When churches fail to represent Christian morality correctly (by setting aside moral commands that God has revealed and holding up imaginary moral "obligations" [2]), scarcely move beyond things that are agonizingly superficial (there is so much more to the Bible than just the concepts in John 3:16), teach highly erroneous theology (eternal conscious torment, Trinitarianism, complementarianism, sexual prudery, and so on), and generally foster and protect an environment of superficial community based on errors, the sole rational response is to recognize the uselessness of such structures.  I have written posts, sometimes multiple posts, on these very issues, so feel free to locate them if you want more information on what I mean by these complaints.  But these problems combined with the wholly extra-Biblical nature of Sunday church services to begin with mean that those who rise above the fallacies of the average churchgoer and the Biblical ignorance of the average professing Christian will likely not want to have much to do with most church congregations.

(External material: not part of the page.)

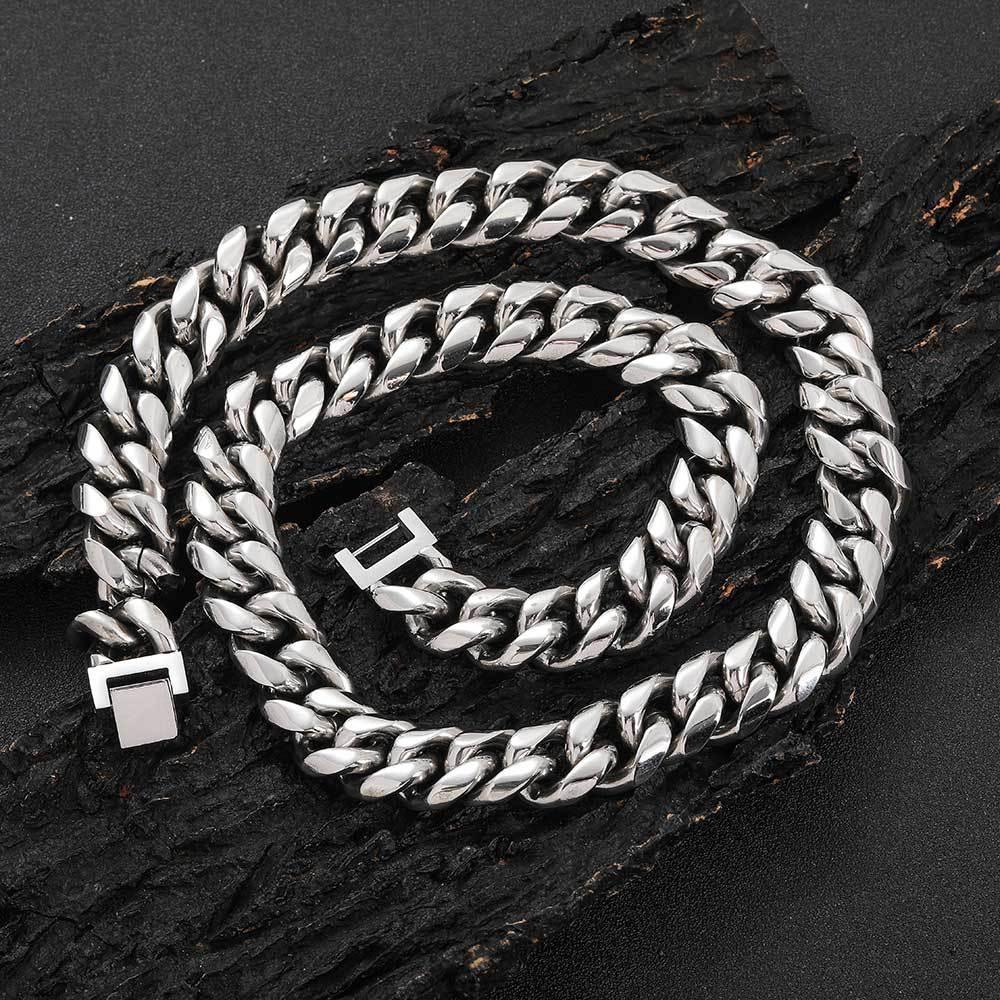 Stainless Steel Cuban Chain Necklace with Jewelry Clasp Titanium Steel for Men | Caratix Jewelry - CaratixJewelry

I did not say that all churches suffer from these problems, although almost every one I have visited has indeed displayed at least one or more of these significant problems.  And just because someone attacks or points out the unnecessary nature of Sunday church does not mean that he or she rejects the Bible's command to meet with other believers!  The actual Biblical command says nothing of Sunday morning gatherings and leaves the application of this instruction to be decided by individual Christians, meaning that if a Christian wanted to he or she could meet biweekly on Friday afternoons with as little as 1-3 other Christians and fulfill this in that way, perhaps even meeting with a few Christians one at a time throughout a week.  Tradition does not determine truth.  Misrepresentation of Christian morality is condemned by the Bible itself (Deuteronomy 4:2)--not that this ever stopped Christians, real or professed, from creating an onslaught of meaningless rules and norms with no objective authority or goodness whatsoever, including the belief that Christians must attend church on Sundays in the presence of shallow people.


[1].  https://thechristianrationalist.blogspot.com/2016/12/my-people-are-destroyed-from-lack-of.html

[2].  A large part of my blog has been devoted to discussing instances of this and its stupidity.  This occurs when Christians claim or imply that anything which God has not condemned is wrong (profanity, being alone with the opposite gender, masturbation, secular music, etc) and yet distance themselves from or deny the objectively good nature of what God has revealed (the contents of Mosaic Law, mostly).